Record extracts below:
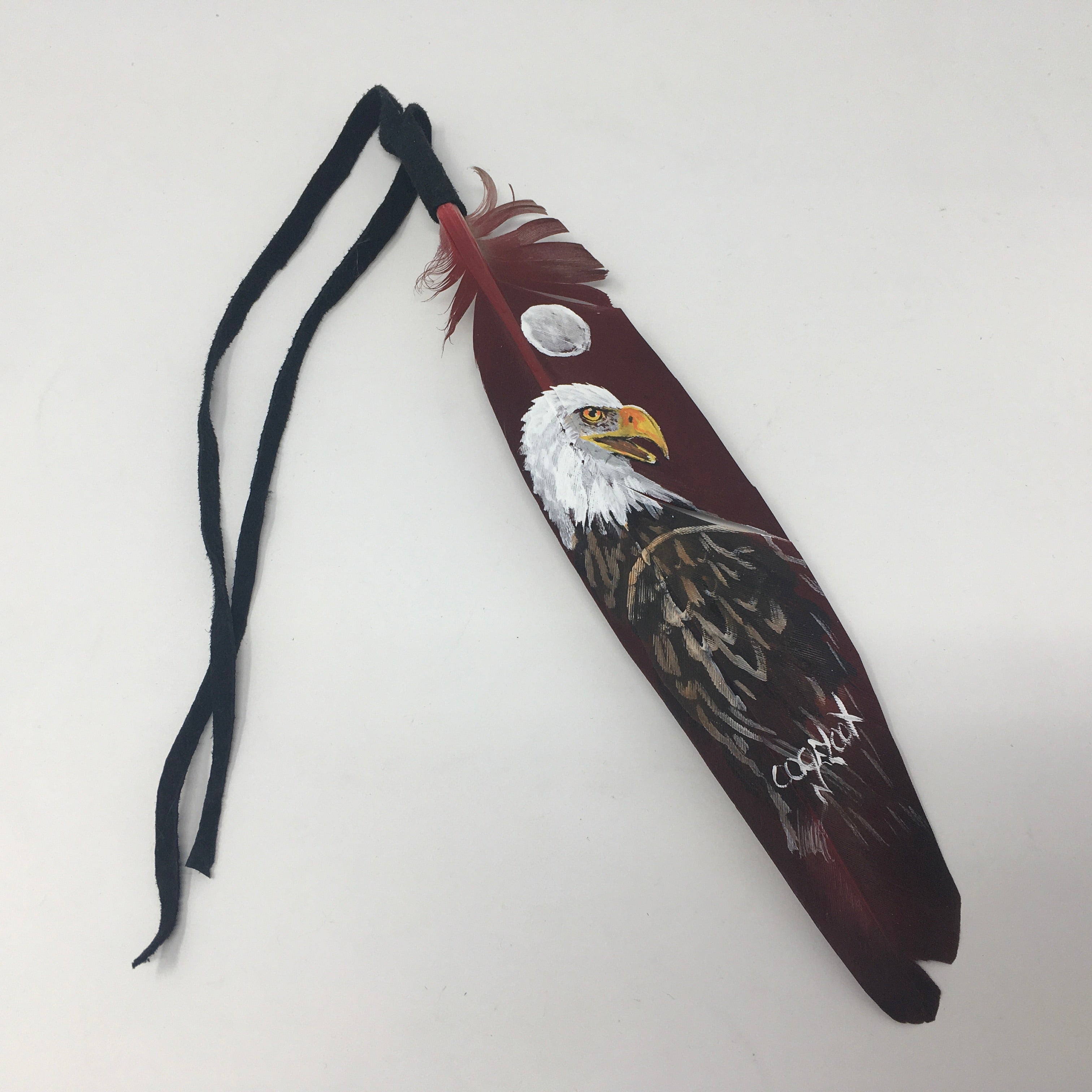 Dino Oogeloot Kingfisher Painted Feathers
End of Record extracts.
Record extracts below:
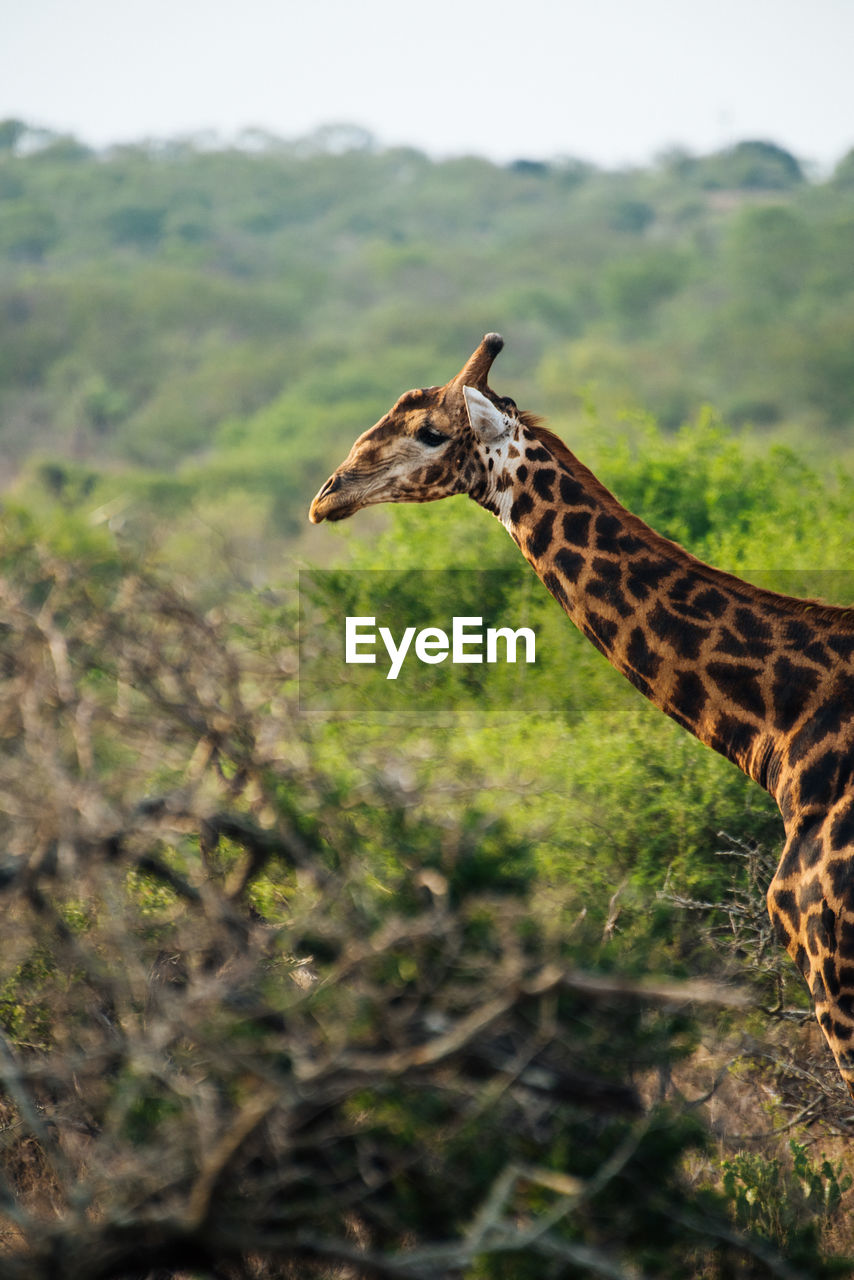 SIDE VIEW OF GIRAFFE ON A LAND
End of Record extracts.
Record extracts below:
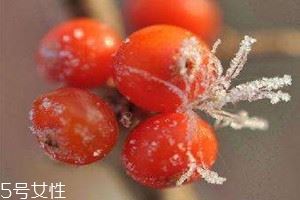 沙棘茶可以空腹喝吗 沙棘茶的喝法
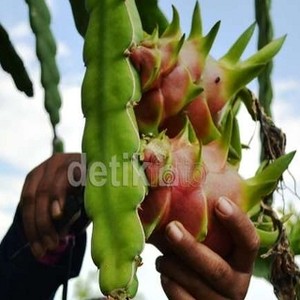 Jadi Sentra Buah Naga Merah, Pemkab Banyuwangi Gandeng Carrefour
End of Record extracts.
- Task objective -
Skip every picture, and restate word for word only the lines above from the line containing "沙棘茶可以空腹喝吗 沙棘茶的喝法" to the line containing "Jadi Sentra Buah", both of them included.

- Answer to this exercise -
 沙棘茶可以空腹喝吗 沙棘茶的喝法
 Jadi Sentra Buah Naga Merah, Pemkab Banyuwangi Gandeng Carrefour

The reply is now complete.